===== Source data

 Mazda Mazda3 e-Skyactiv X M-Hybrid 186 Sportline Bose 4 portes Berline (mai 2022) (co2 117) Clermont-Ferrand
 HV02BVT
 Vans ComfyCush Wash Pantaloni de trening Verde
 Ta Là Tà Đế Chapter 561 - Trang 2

==========
===== Source data

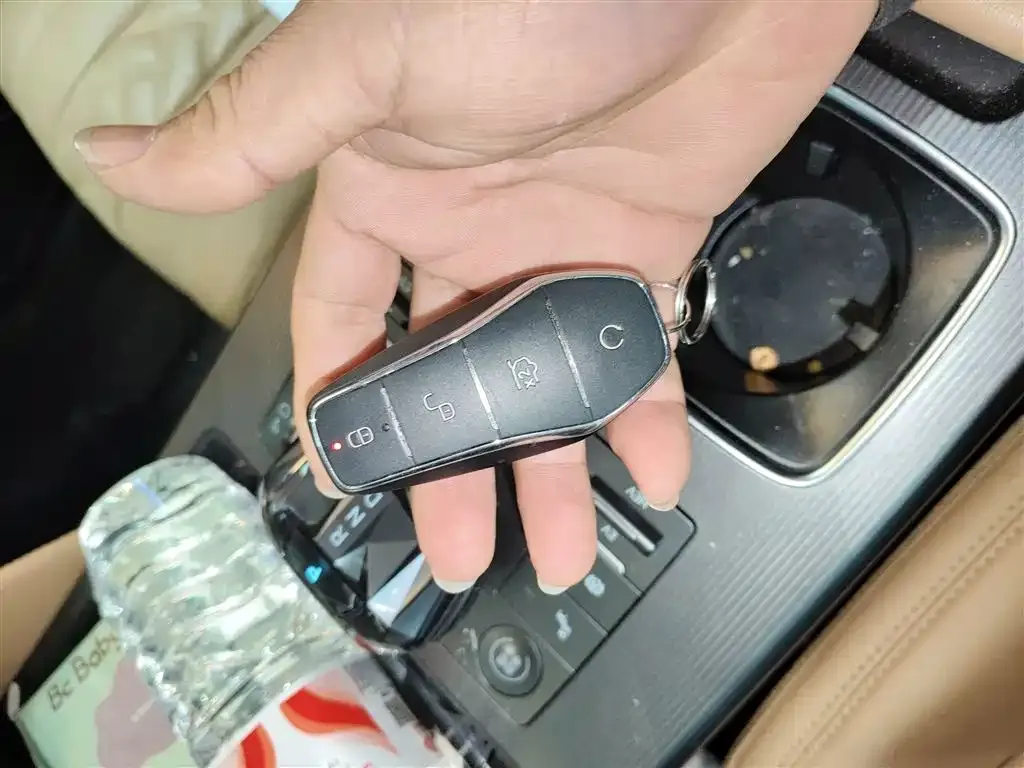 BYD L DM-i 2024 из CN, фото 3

==========

◆ **What is required**:
In the data above, start at the line that has "Vans ComfyCush Wash", stop after the line that has "Ta Là Tà Đế Chapter 561 - Trang 2", and print every line in between exactly as it stands.

◆ **Written solution**:
 Vans ComfyCush Wash Pantaloni de trening Verde
 Ta Là Tà Đế Chapter 561 - Trang 2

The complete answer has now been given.